▶ _Your instructions_: Print every line below exactly as written, but leave the pictures behind.

▶ _Recorded data_:
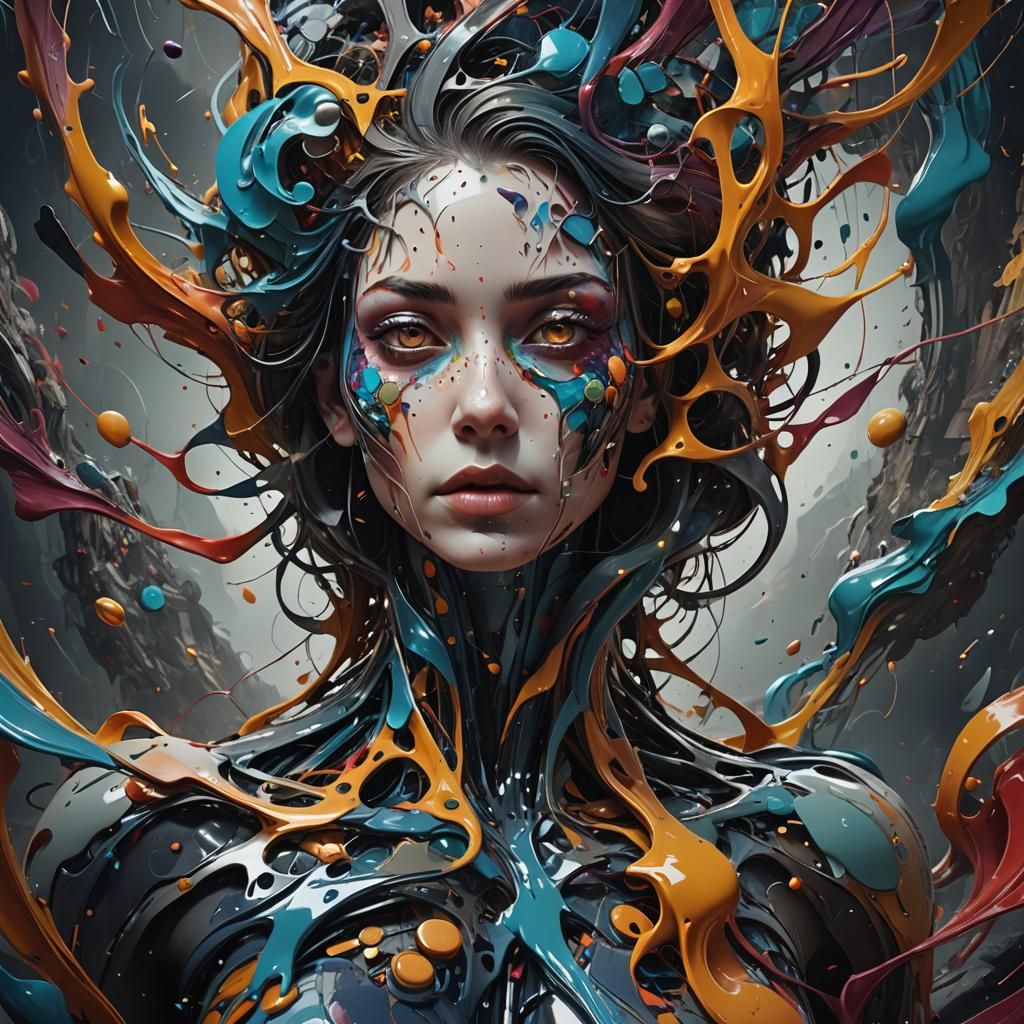 Abstract Portrait Evokes Human Condition in Matte Painting
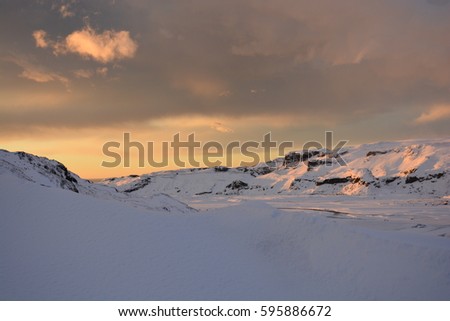 Sunset in Glacier Mountain in Iceland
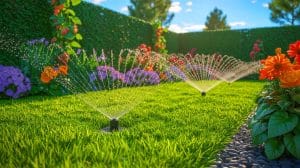 Illustration de l'innovation technologique dans l'entretien de jardin, créée par intelligence artificielle.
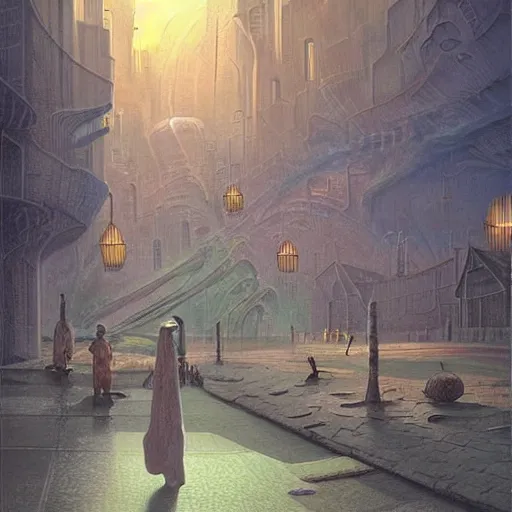 Image similar to artistic digital artwork of a city scene on an alien planet. beautiful landscape by vincent bons, michael whelan, remedios varo and gerardo dottori. grainy and rough. interesting pastel colour palette. beautiful light. oil and water colour based on high quality render.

▶ _Result of this task_:
 Abstract Portrait Evokes Human Condition in Matte Painting
 Sunset in Glacier Mountain in Iceland
 Illustration de l'innovation technologique dans l'entretien de jardin, créée par intelligence artificielle.
 Image similar to artistic digital artwork of a city scene on an alien planet. beautiful landscape by vincent bons, michael whelan, remedios varo and gerardo dottori. grainy and rough. interesting pastel colour palette. beautiful light. oil and water colour based on high quality render.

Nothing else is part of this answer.